The prefetchGetObjectValuePtr callback adds one state-machine iteration per key to prefetch the first cache line of the value allocation. For EMBSTR values (<=44B) it returns NULL (value is embedded in the kv object), making the iteration pure overhead. For large RAW values (>=1KiB) it warms <10% of the data while adding measurable cost — profiling shows 3B samples in ctxPrefetchValdata vs 17.8B total in the prefetch path. Pass NULL instead: skip value-data prefetch entirely in the MGET intra-command path. The dict bucket/entry/kv-object prefetch provides the bulk of the improvement; addReplyBulk handles value data access sequentially.
Three optimizations to the dict prefetch state machine: 1. Replace modulo with branch in ctxPrefetchAndAdvance — avoids expensive division on every state transition. 2. Add remaining counter to DictPrefetchCtx — ctxNextInfo returns NULL immediately when all keys are done instead of scanning the full array. Eliminates O(n) scan per call as keys complete. 3. Fast-path in ctxPrefetchKvobj when no value-data callback and entry is a direct key — do key comparison inline and skip the VALDATA state entirely, saving one round-trip through the state machine per key.

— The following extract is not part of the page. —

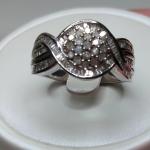 Sterling Silver Melee Diamond Ring Size 8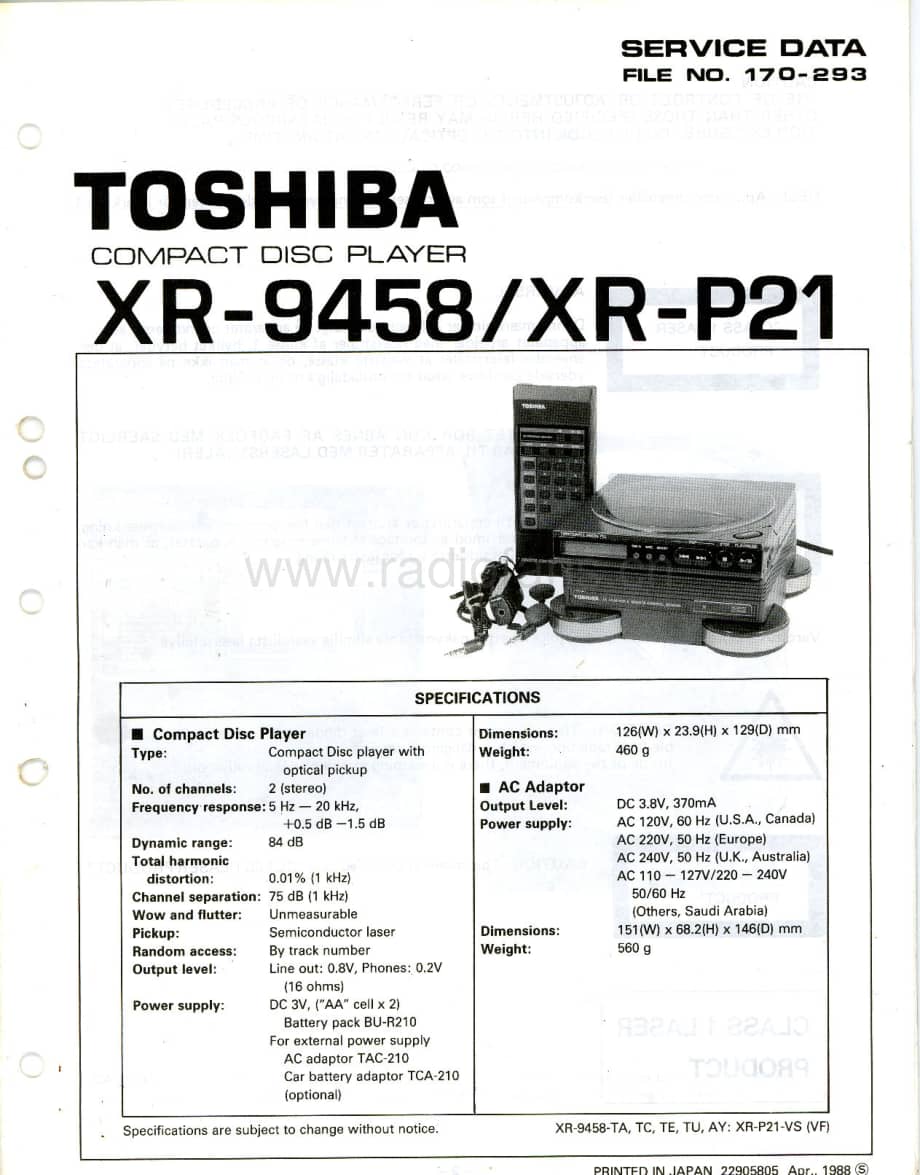 toshiba_xr-9458_xr-p21_sm 电路图 维修原理图.pdf_第1页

For batches of <=10 keys, replace the full dictPrefetchKeys state machine with a simple loop that prefetches hash table buckets only. The state machine has ~4 states per key with function dispatch and round-robin scanning overhead. Profiling shows this costs 4.3% of total CPU for 10-key MGET with 1KiB values — matching the observed regression exactly. A single-pass bucket prefetch eliminates the iteration overhead while still warming the hash chain heads. Larger batches (>10 keys) continue using the full state machine where the multi-round interleaving provides net benefit.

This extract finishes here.